Work request: Only the lines from the one containing "Classic Small Frame" through the final line below belong in the output, copied exactly and without pictures.
Segment Start: Provided data
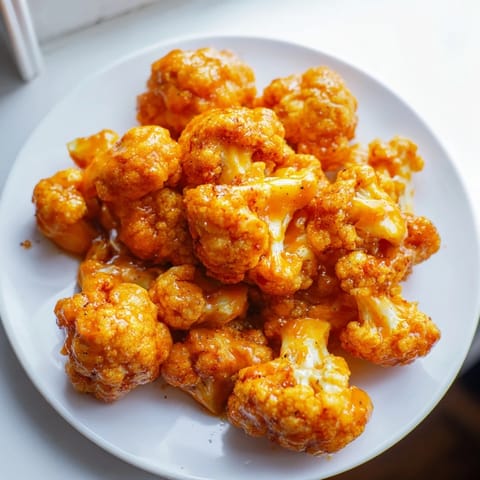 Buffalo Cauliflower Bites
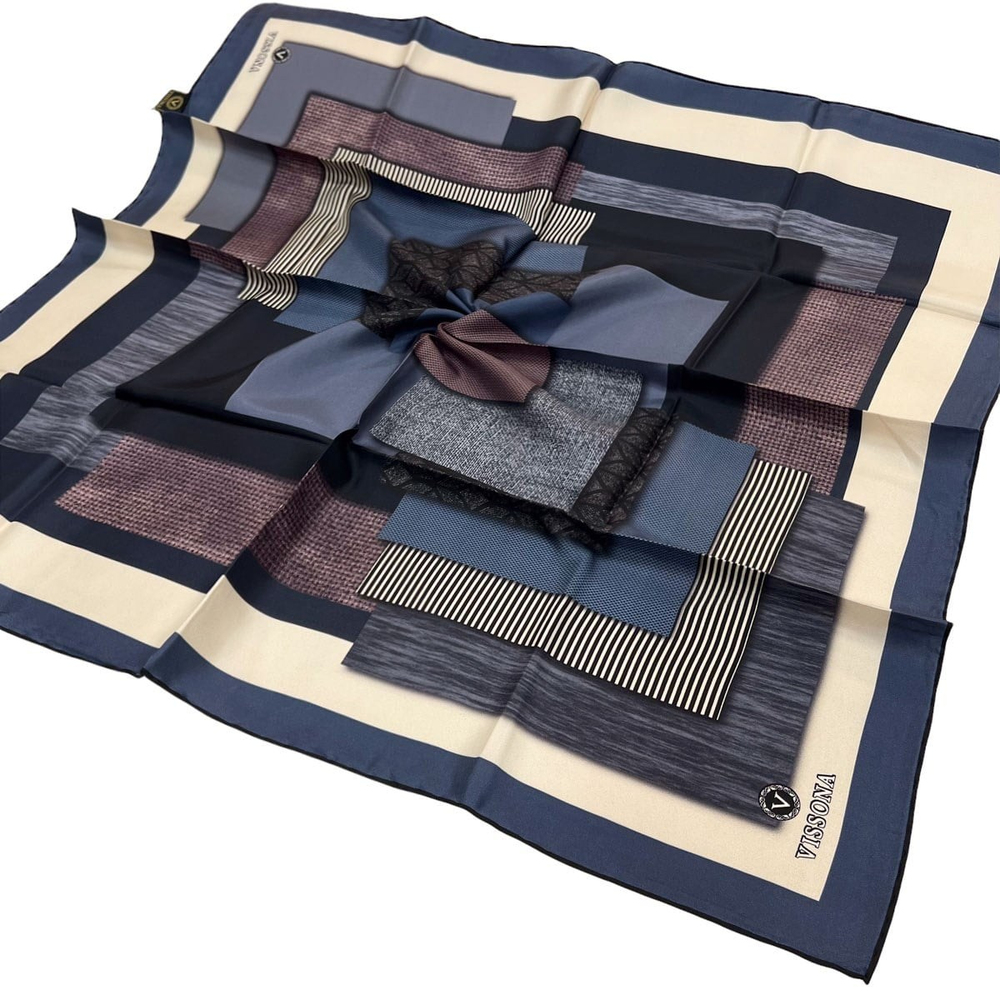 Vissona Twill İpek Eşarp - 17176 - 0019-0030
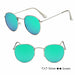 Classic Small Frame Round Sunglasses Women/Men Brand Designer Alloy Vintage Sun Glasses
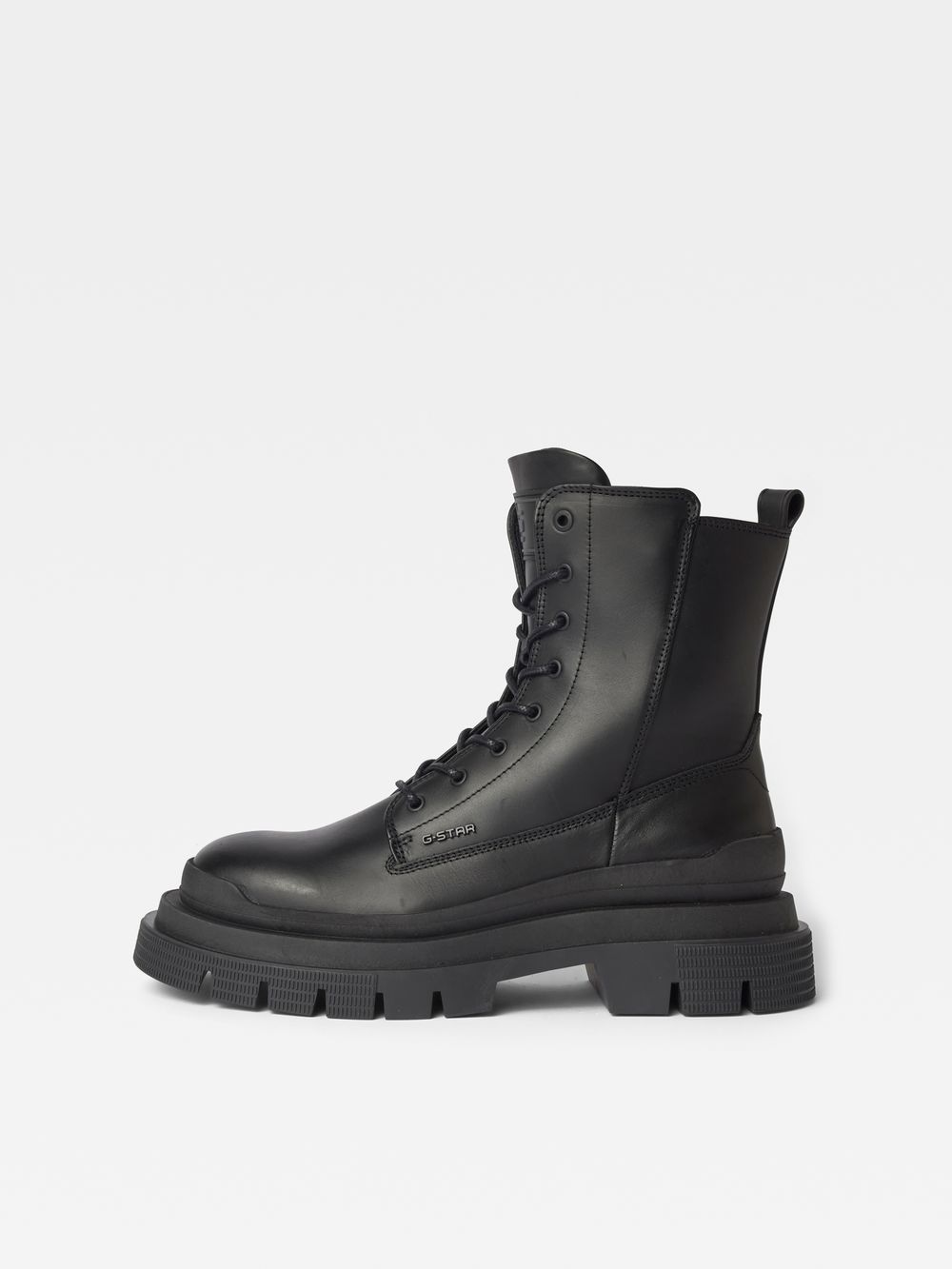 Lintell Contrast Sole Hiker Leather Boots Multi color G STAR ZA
Segment End: Provided data
Response box:
 Classic Small Frame Round Sunglasses Women/Men Brand Designer Alloy Vintage Sun Glasses
 Lintell Contrast Sole Hiker Leather Boots Multi color G STAR ZA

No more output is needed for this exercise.